The trip down down South only lasted an hour, but we enjoyed it tremendously. We both stayed outside on the end platform of one of the carriages, much as we had the first time we rode the White Horse and Yukon Railroad up in Skagway, Alaska. This was an old roadbed and old rolling stock, so we were jostled about quite a bit as the train huffed, puffed, clanked, clanged, whistled, and smoked its way down the winding valley. We leaned out to get better pictures of the engine up front, and fortunately neither of us fell off the platform although Monika did bang her ear on a metal pipe when the train braked suddenly.

Our destination was a rather impressive train station standing smack in the middle of what appeared to be nowhere. I couldn't see a house or any evidence of another living person anywhere around the station, but that was beside the point because we disembarked just long enough to take pictures of them switching the engine from one end of the train to another. After the engine was watered and everything was reconnected we all reboarded for the trip back up the valley.

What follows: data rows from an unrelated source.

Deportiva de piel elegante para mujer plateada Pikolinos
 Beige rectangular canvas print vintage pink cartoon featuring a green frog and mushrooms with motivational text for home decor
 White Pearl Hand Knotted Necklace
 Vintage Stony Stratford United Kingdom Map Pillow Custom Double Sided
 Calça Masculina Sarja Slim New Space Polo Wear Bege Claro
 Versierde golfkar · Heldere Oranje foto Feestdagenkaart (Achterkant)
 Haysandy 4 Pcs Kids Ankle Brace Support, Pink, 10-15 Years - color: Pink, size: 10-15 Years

For the trip up the valley I decided to sit up in front right behind the engine. Since it had swapped ends, the front of the engine was now connected to the train and the engine was pulling it backwards back up the valley. The net result was that I was sitting about 10 feet behind the smokestack and when the door of the carriage was open the huffing and puffing occasionally became quite loud indeed. But the look, feel, sound and smell of being pulled by that old steam relic were all extremely strong. In fact, I found I had an awful lot of either cinders or unburnt pieces of coal in my hair after the trip!

Monika:

The trip to the turn around point was about an hour. Our first stop was "Sorge", a hamlet whose name in German means "worry". So you could easily go from Worry to Misery in Germany just by using a steam train! The trip led mainly through pine forests. There were a few patches where they had logged, and although they logged a whole area, they took out only the trunks and stacked them neatly before hauling them away. Here and there the country opened and you could see some agriculture mainly grazing areas. The turnaround point, Eisfelder Talmuehle, had absolutely nothing but a train station. It seems the Harzquerbahn comes in three sections and we had ridden the middle section. We could have waited for the connecting train going farther south but decided we had seen the best part of the Harz.


 

Bob:

All too soon the trip back to Elend was over and we drove back to Braunlage and our comfortable pension. I finally crashed for my first nap since coming to Germany while Monika went out shopping, something that often seems to go better without me in any case. That evening we had dinner and worked on our respective journals and puzzles for a while until it was time to walk back "downtown" to an evening folk music performance in the local Kurgasthalle.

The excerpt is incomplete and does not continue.